If you set k = \frac{1}{3} - \epsilon, then if fraction 2\epsilon of validators are offline and the attacker causes a fork right before k, then honest validators would not be able to cause justification, as they would only have (\frac{2}{3} + \epsilon) * (1 - 2\epsilon) \approx \frac{2}{3} - \frac{\epsilon}{3} validators slots, correct? So you would want to set k to equal something like \frac{1}{6}?

But then what is the total number of (offline honest + attackers) that FFG can survive with this modification?

Can we try to mitigate this by borrowing techniques from 99% fault tolerant synchronous consensus? For example, have a mechanism where the maximum time at which you can switch over depends on the percentage of validators that you see switching over, so if you reach one validator on time then that validator would support the new chain and their added signature increases the time limit before which other validators would accept the new chain.

Also, what do you think of the “switch at most once every three epochs” technique proposed in Beacon chain Casper mini-spec ?

The fault tolerance for safety & liveness would be still 1/3.
When an attacker published a new justified checkpoint in a conflicting chain in the first k slots, honest validators might not be able to justify a new checkpoint in that epoch (and it is the same in the original FFG) but they can justify a checkpoint in the next block (under full synchrony).

Setting k small is better to prevent an attacker from doing this 1 epoch justification failure. Because in this case there are no honest validators locked on the new justified block, honest validators can ignore the checkpoint justified by the attacker and justify the original checkpoint.

The exact condition on k to prevent the 1 epoch justification failure is as follows.
Here, k' is a ratio k/\mathrm{SLOTS\_PER\_EPOCH} and x is the ratio of offline nodes.
For justification to happen,
(1 - k')(1 - x) \ge 2/3
\iff k' \le (3x - 1)/(x - 1)/3

image
(Ref: Google)

However, there is a trade-off of k. When a subset of the honest validators received a new checkpoint with delay \Delta (e.g. due to their local network failure) and the other validators have already voted for and are locked on it, they can switch and hopefully succeed in justification in this epoch if \Delta < k (depending on the slot allocation).

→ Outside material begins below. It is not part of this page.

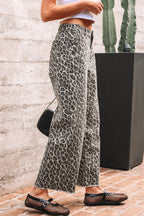 Yellow Leopard Straight Loose Leg Jeans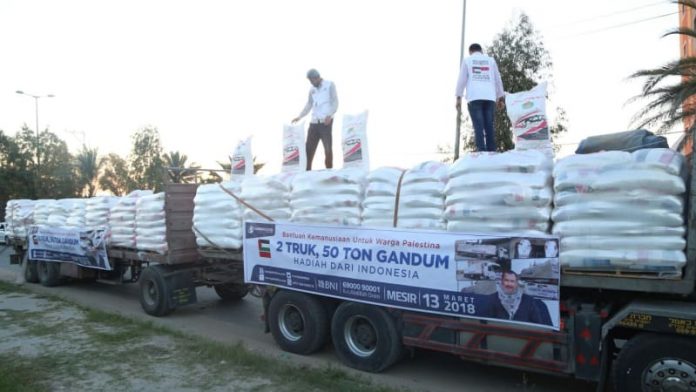 Gandum bantuan Indonesia masuk Gaza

For example, have a mechanism where the maximum time at which you can switch over depends on the percentage of validators that you see switching over, so if you reach one validator on time then that validator would support the new chain and their added signature increases the time limit before which other validators would accept the new chain.

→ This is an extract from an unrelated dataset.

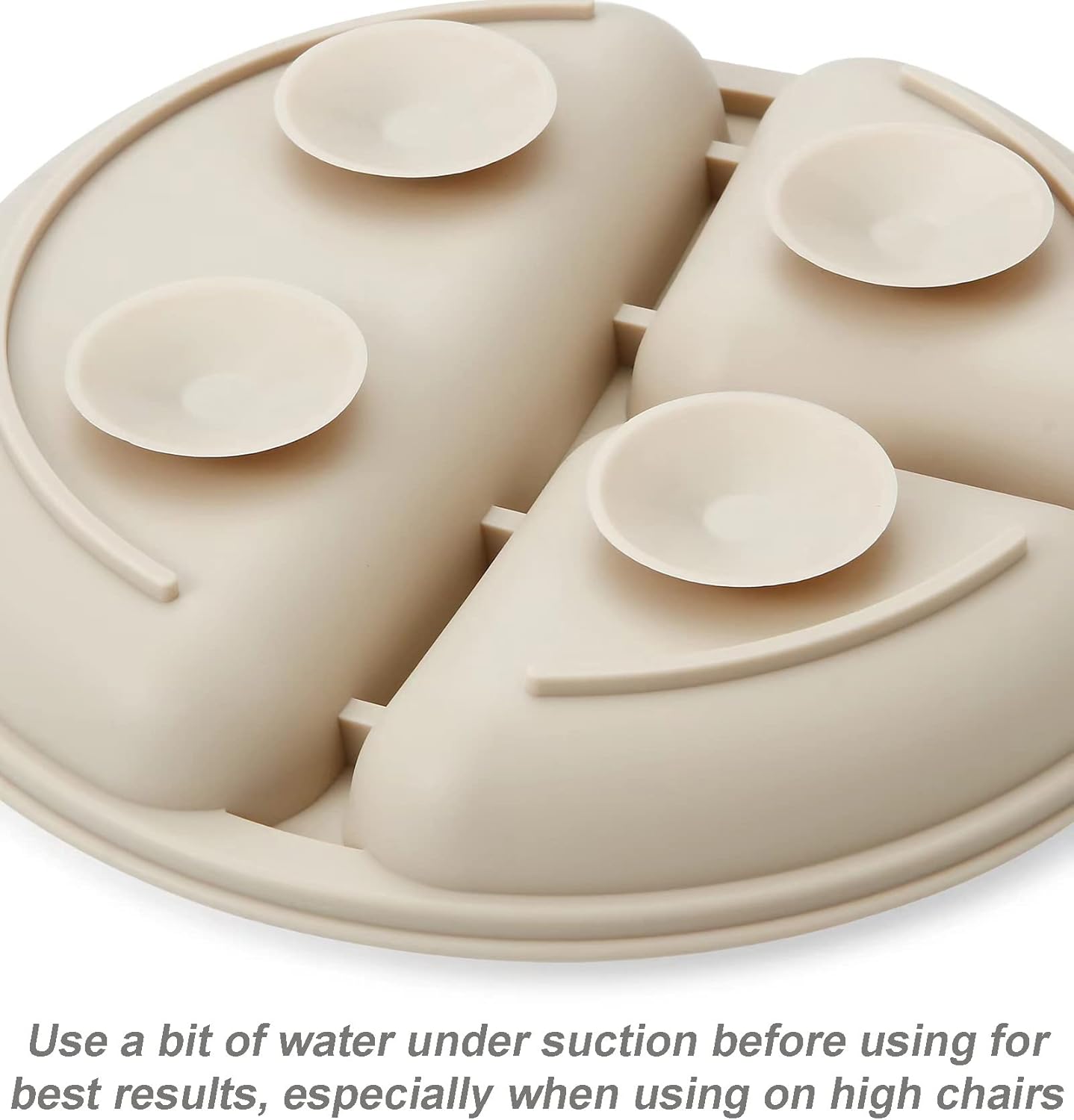 PandaEar Silicone Baby Feeding Set| 2 Pack Silicone Divided Suction Plate and 2 Pack Tiny Cup with 2 Spoons 2 Forks| Baby Led Weaning Supplies Self Feeding Eating Utensils (Light Tan/Walnut)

Yep! I think there would be more “smoother” kinds of approach by taking other validators’ opinion into account.
That’s being said, I tried to propose something easy to reason about and simple to implement potentially for Phase 0 or 1.

Also, what do you think of the “switch at most once every three epochs” technique proposed in Beacon chain Casper mini-spec?

In that approach, if there are two honest validator sets both of whose sizes are less than 2/3 accepted conflicting latest justified checkpoints due to temporal asynchrony, doesn’t it take at least three epochs for them to get on the same chain and start justification?

Yes, but the implied assumption is that asynchrony on the order of an epoch is going to be an extremely rare event so taking the hit is fine.

I agree that the “two validator sets accepted conflicting latest justified checkpoints” situation is rare but it is the situation which makes the unlocking rule necessary.

The three epochs locking scheme (or more generally, >1 epoch locking without the k slots of unlocking period) would be better than my fix basically when an attacker has a justifiable checkpoint conflicting with honest validators’ chain and k is set too small compared to x as I explained.
Also, in that scheme, splitting becomes somewhat difficult to start but possible when there are two justifiable & conflicting checkpoints. It causes >=3 epochs of justification failure and can continue recursively under the same assumption on the attacker’s ability.